Scritto da , 25 giugno 2015

di Andrea Pellegrino

Altro che San Matteo, in Curia il clima non sarebbe proprio dei migliori. Da quando, in particolare, concluse le elezioni regionali, Monsignor Moretti avrebbe “bacchettato” i parroci particolarmente esposti nell’ultima campagna elettorale. E non si esclude che da qui a breve qualcuno possa cambiare parrocchia. E nelle ultime ore la vicenda “San Matteo”, quasi tirata in ballo ad hoc, sarebbe stata solo la goccia che avrebbe fatto traboccare il vaso. Proprio tra i parroci “politicamente schierati” infatti ci sarebbe chi avrebbe riallacciato rapporti con i portatori per portare la processione del Santo Patrono ai vecchi fasti.
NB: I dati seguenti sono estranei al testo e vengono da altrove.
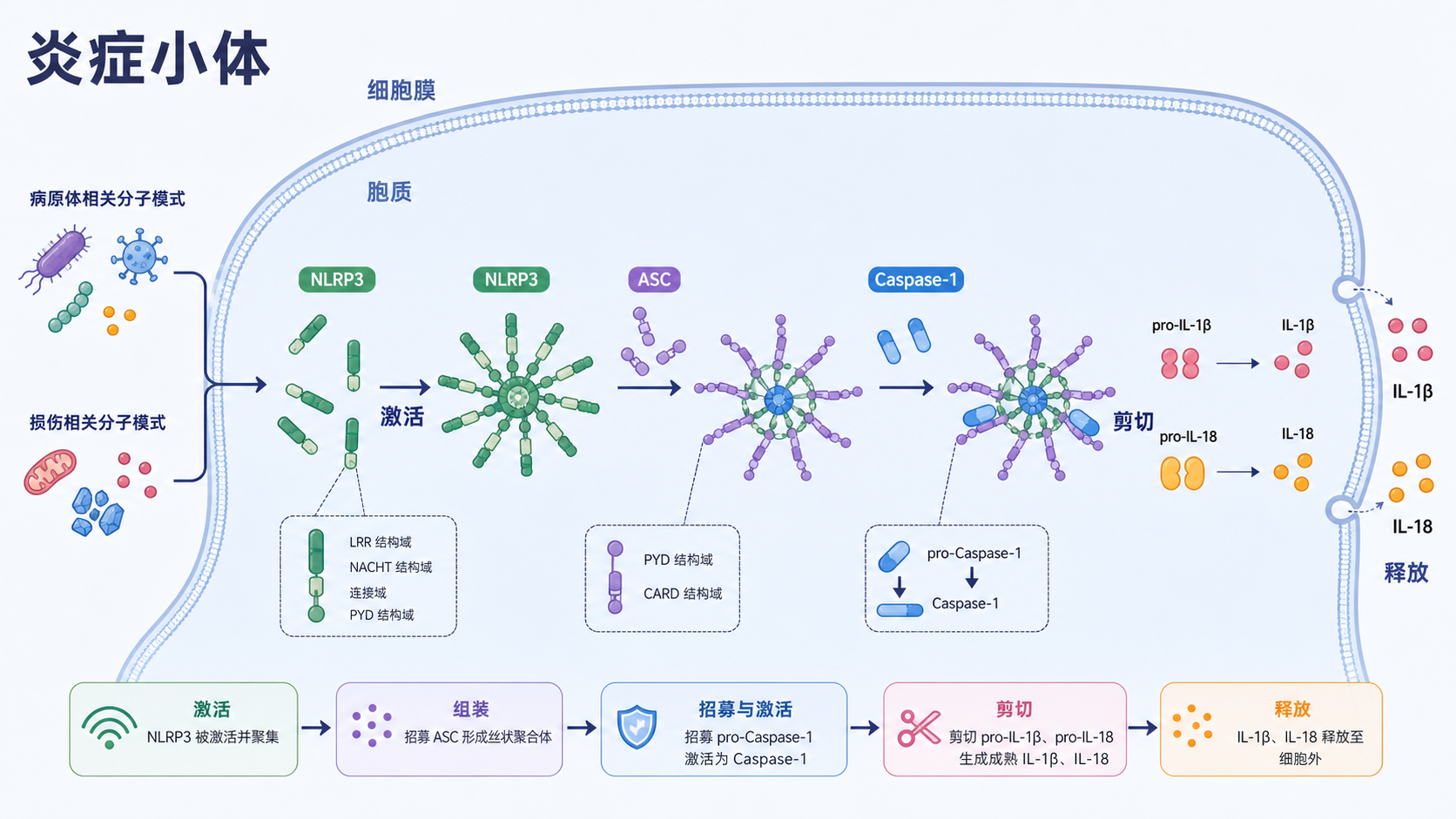 炎症小体信号通路示意图,突出NLRP3、ASC、Caspase-1及IL-1β/IL-18的激活关系,背景为免疫细胞和炎症环境。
E proprio dall’apertura mostrata da alcuni prelati che sarebbero filtrate poi voci sul possibile passo indietro di Monsignor Luigi Moretti che tempo ventiquattro ore si è visto costretto a smentire tutto. Naturalmente i rapporti con Palazzo di Città sono serrati. Ed a seguire direttamente la questione è Vincenzo Napoli. Proprio il sindaco facente funzioni sarebbe impegnato in prima linea per ricucire i rapporti con la Curia, ed in particolare per ripristinare la tappa del Santo Patrono a Palazzo di Città. Impresa non facile, considerato che Moretti proprio non ci pensa a fare un passo indietro. Anzi avrebbe imposto un vero e proprio silenzio, fino alla sua (forse imminente) conferenza stampa, durante la quale annuncerà il percorso e le modalità della prossima processione del 21 settembre. Di certo, considerata anche l’inchiesta della magistratura in corso – seppur al momento pare non ci siano novità – Moretti certamente vorrebbe evitare lo spettacolo poco decoroso regalato alla città lo scorso anno. Ma sicuramente, nel contempo, pare che non sia disposto a fare un passo indietro, rispetto alle indicazioni che provengono dall’alto in campo di processioni. Dal canto suo Napoli è fiducioso: «Abbiamo fatto degli incontri che ci lasciano sereni e credo lascino sereni tutti. Non ho letto la dichiarazione del Vescovo ma stiamo dialogando con la curia in modo franco e costruttivo ed assolutamente cordiale. Abbiamo tenuto anche degli incontri che ci lasciano sereni e credo lascino sereni tutti».